Avez-vous déjà eu l'impression de vivre dans un théâtre mondial peuplé de clowns et de bouffons qui vous font rire et pleurer ? Et lorsque vous sortez du théâtre, vous vous dites en souriant : « Ce n'était qu'une petite pièce de théâtre, mais si nous ne la prenons pas au sérieux, ils prendront le dessus et nous détruiront. »
Alors, prenons cela au sérieux. Ce qui parfois ressemble à une blague, n'en est en réalité pas une. Comme Trump, le pacificateur. Neuf mois après le début de son deuxième mandat, la paix ne semble pas près de se réaliser en Ukraine, et il n'y a pas de paix réelle en Palestine, sans parler du reste du Moyen-Orient et du monde.
Même si le président Trump s'attribue le mérite du fragile cessez-le-feu entre Israël et Gaza qu'il dit avoir négocié, nous ne savons pas si celui-ci tiendra ou s'il s'effondrera comme tous les précédents.

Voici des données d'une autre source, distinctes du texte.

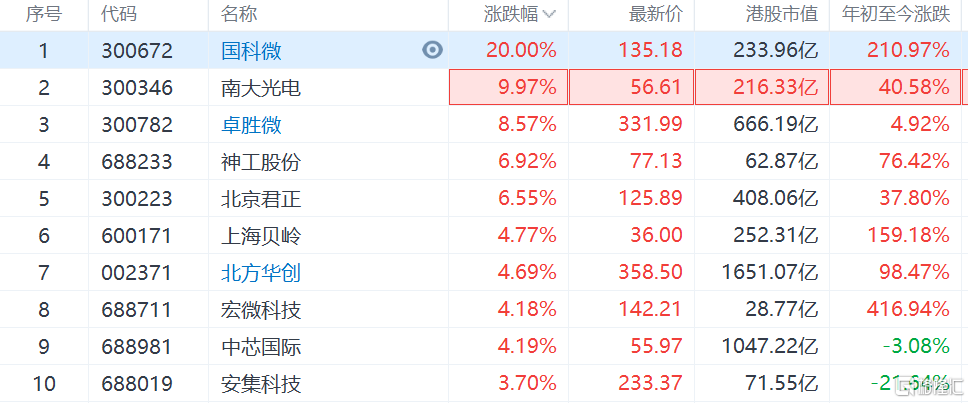 半导体板块大幅上涨，神工股份、北京君正涨6%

Celui-ci semble avoir permis l'échange de dizaines d'otages [20 encore en vie] pris par le Hamas contre des milliers de prisonniers palestiniens détenus par Israël. Israël est-il vraiment en train de libérer tous ses prisonniers politiques ?
Si les promesses électorales de paix de Trump étaient sérieuses, il aurait pu mettre fin à l'agression sioniste-israélienne presque du jour au lendemain, en disant «
niet » à son pote Bibi Netanyahu, en cessant de fournir des armes et de l'argent. Au cours des deux années qui ont suivi le tristement célèbre 7 octobre 2023, les contribuables américains ont déboursé plus de 21 milliards de dollars pour maintenir en état de marche la machine à tuer israélienne à Gaza — et ailleurs.

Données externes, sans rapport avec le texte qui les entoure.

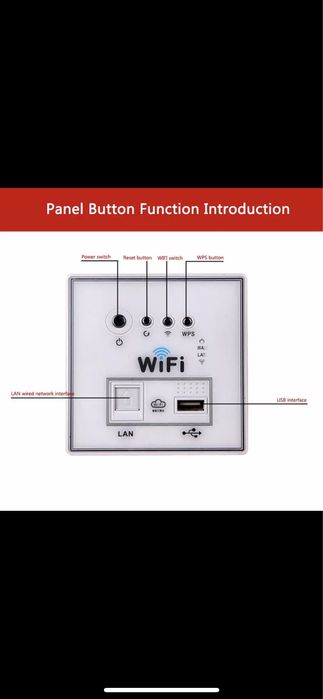 WI-FI рутер за вграден монтаж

Cette dernière « avancée » — espérons-le réelle — est-elle une réussite de Trump parce qu'il pensait qu'elle lui apporterait le prix Nobel de la paix tant convoité ? Certainement pas. Car ses sources ont dû lui dire à l'avance que le prix serait décerné à la femme de l'opposition vénézuélienne, Madame
María Corina Machado — et que le prix Nobel de la paix de Machado renforcerait et justifierait même ses propres efforts d'agression et de « changement de régime » au Venezuela. Il s'agit là d'une fusion deux en un.
Mme Machado est connue pour avoir tenté à plusieurs reprises de renverser le gouvernement Maduro. Le Comité Nobel norvégien décerne-t-il donc un prix Nobel de la paix hybride pour satisfaire la politique conventionnelle en vigueur ?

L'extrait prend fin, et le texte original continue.